Results: Molecular analysis of the VWF gene in 218 patients with VWD has led to the identification of 1350 exonic missense sequence variations, 936 were heterozygous and 414 homozygous. Furthermore, we found 1114 silent sequence variations (761 heterozygous and 353 homozygous). Numerous intronic variants were detected, in addition. High allele frequencies of sequence variation were detected in exon 13, 18, 20, 28, 35 and 42, respectively. We identified a Thr1381Ala mutation in 162 patients, Ser1378Phe mutation (n=15), Arg1379Lys mutation (n=12) and in 6 patients we detected Arg1399His mutation. These residues are located on VWF A1 domain coding for a collagen binding region.

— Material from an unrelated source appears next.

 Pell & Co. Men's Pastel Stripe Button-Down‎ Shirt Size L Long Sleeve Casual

In the total group, mean PFA-Coll/ADP was 111.9 ± 43.3 sec and mean PFA-Coll/Epi was 156.8 ± 53.0 sec. In VWD type 1-patients mean PFA-Coll/ADP was 115.6 ± 45.8 sec and mean PFA-Coll/Epi was 165.4 ± 56.8 sec and in patients with type 2N 99.9 ± 19.3 sec and 130.8 ± 22.9 sec. In patients with VWD type 3 mean PFA-Coll/ADP was 269.0 ± 43.8 sec and mean PFA-Coll/Epi was 292.5 ± 10.6 sec. The differences between these groups were highly significant (p≤ .001). By analysing the closure time according to the mutations in the collagen binding region the mean PFA-Coll/ADP in patients with Thr1381Ala was 112.3 ± 43.8 sec and the mean PFA-Coll/Epi was 163.5 ± 52.1 sec, in Ser1378Phe or Arg1379Lys mean PFA-Col/ADP was 114.1 ± 42.3 and mean PFA-Coll/Epi was 164.8 ± 46.8 sec. In Arg1399His mean PFA-Coll/ADP was 104.8 ± 25.7 sec and the mean PFA-Coll/Epi was 183.4 ± 63.1 sec showing the strongest prolongation. Further analyses with other frequent mutations will be presented, too.

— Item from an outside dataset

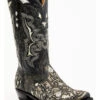 Corral Men's Exotic Python Skin Inlay Western Boots - Snip Toe -Walk The West Sales 2000345254 944 P1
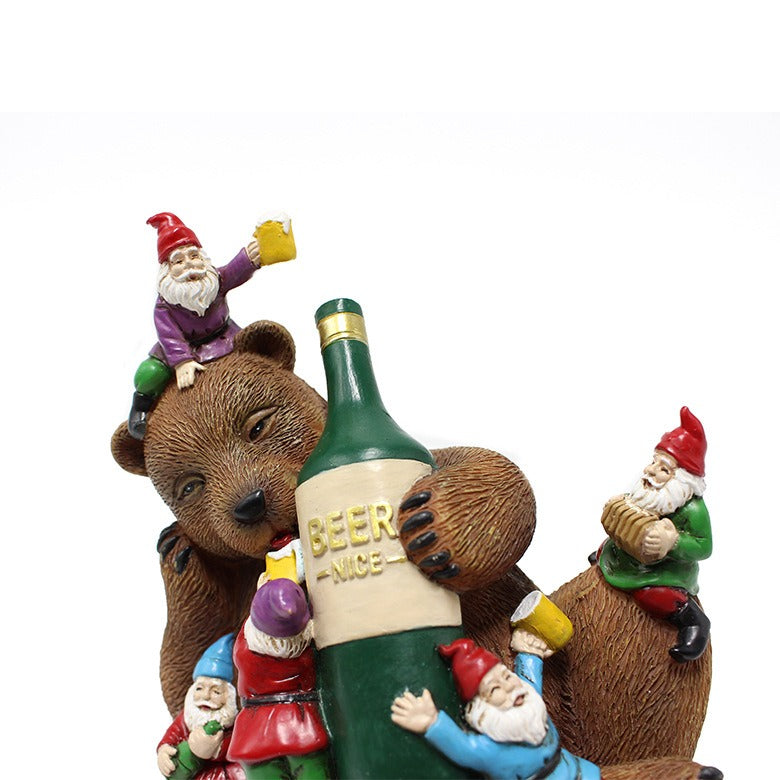 Drunk Brown Bear and Dwarf Decorations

Conclusion: Here, we present a large number of newly described mutations in various regions of the VWF gene including mutations in the collagen binding region of domain A1. Although some mutations are located in the collagen binding region which is believed to promote binding to collagens type IV and VI patients showed prolonged closure time using the PFA-200 Collagen/Epinephrine cartridge which works with collagen type I but not cross reacting to collagens type IV or VI. Furthermore, even when a comprehensive panel of assays including genetic analysis is used both diagnosis as well as classification of VWD remain uncertain in some cases. Thus, further investigation of phenotypic genotypic correlations in VWD is warranted to better understand the VWF molecule.